# Setup

In [79]:
import pandas as pd
import numpy as np
import keras
import nltk

In [2]:
# for pkg in ['stopwords', 'punkt', 'wordnet']:
#   nltk.download(pkg)

# Loading data

In [37]:
import re

# Split rows of train.csv into [text, label] if possible
def split_text_label(text):
  # The first group is the text, the second is the label at the end
  match = re.match(r'^(.*)\s+?([^\s]+)$', text)
  
  if not match: raise ValueError(f'format wrong arg={text}')
  
  text = match.group(1)
  label = match.group(2)
  
  if label == '1':
    label = 1.0
  elif label == '0':
    label = 0.0
  elif label == 'label':
    return None # There's a line "content label" in the data
  else:
    raise ValueError(f'label wrong label={label}, text={text}')
  
  return [label, text.strip()]

def mapl(f, list):
  '''Map a list eagerly'''
  return [f(elem) for elem in list]

def load_csv(file_name):
  # Data obtained from https://www.kaggle.com/c/fakenewskdd2020/data
  with open(f'fakenewskdd2020/{file_name}.csv', 'r', encoding='utf8') as csv:
    next(csv) # Skip the header with the column titles
    return list(csv)

In [52]:
train_orig = mapl(split_text_label, load_csv('train'))
train_orig = [res for res in train_raw if res]

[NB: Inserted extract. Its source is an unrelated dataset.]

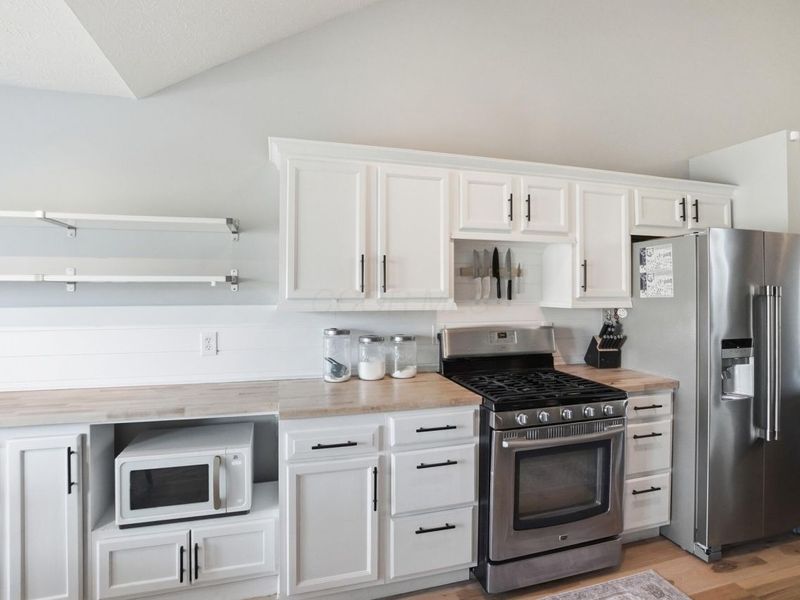 516 Sandmar Drive, Blacklick, OH 43004 Photo 13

X_train_orig = mapl(lambda text_label: text_label[1], train_orig)
y_train_orig = mapl(lambda text_label: text_label[0], train_orig)
X_test_orig = mapl(lambda line: re.sub(re.compile('^\\d+\t'), '', line), load_csv('test'))
y_test_orig = mapl(lambda line: float(re.sub(re.compile('^\\d+,|\n'), '', line)), load_csv('sample_submission'))

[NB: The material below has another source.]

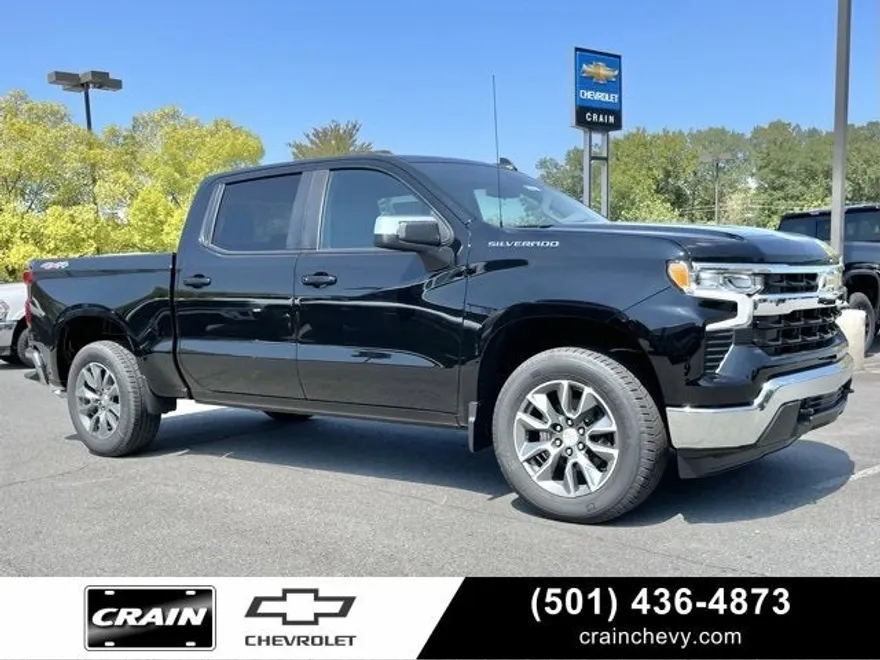 2026 Chevrolet Silverado 1500 LT photo 1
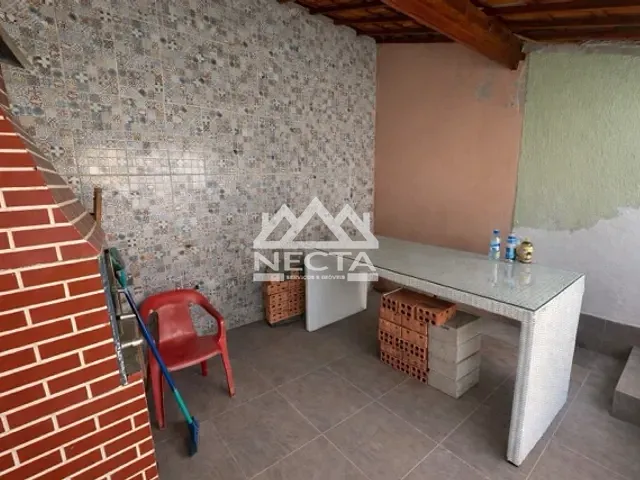 Casa com 158m² 2 quartos e 2 banheiros, à venda, no bairro Praia das Palmeiras em Caraguatatuba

assert len(X_train_orig) == len(y_train_orig)
assert len(X_test_orig) == len(y_test_orig)

### Make sure there are an equal number of fake and true articles

In [81]:
def split_pos_neg(X, y, num_vals):
  pos = [0] * num_vals
  neg = [0] * num_vals
  pos_ind, neg_ind = 0, 0
  for i in range(len(X)):
    if y[i]:
      if pos_ind < num_vals:
        pos[pos_ind] = X[i]
        pos_ind += 1
    else:
      if neg_ind < num_vals:
        neg[neg_ind] = X[i]
        neg_ind += 1
  
  # Associate each set of texts with their labels
  pos = mapl(lambda text: [1.0, text], pos)
  neg = mapl(lambda text: [0.0, text], neg)
  
  # Put them together into a DataFrame
  df = pd.DataFrame(pos + neg, columns=['label', 'text'])
  # Shuffle it just in case (from https://stackoverflow.com/a/34879805)
  df = df.sample(frac=1).reset_index(drop=True)
  
  X = df['text'].to_list()
  y = np.array(mapl(bool, df['label'].to_list()))

  return (X, y)

In [82]:
num_train = min(y_train_orig.count(0.0), y_train_orig.count(1.0))
num_test = min(y_test_orig.count(0.0), y_test_orig.count(1.0))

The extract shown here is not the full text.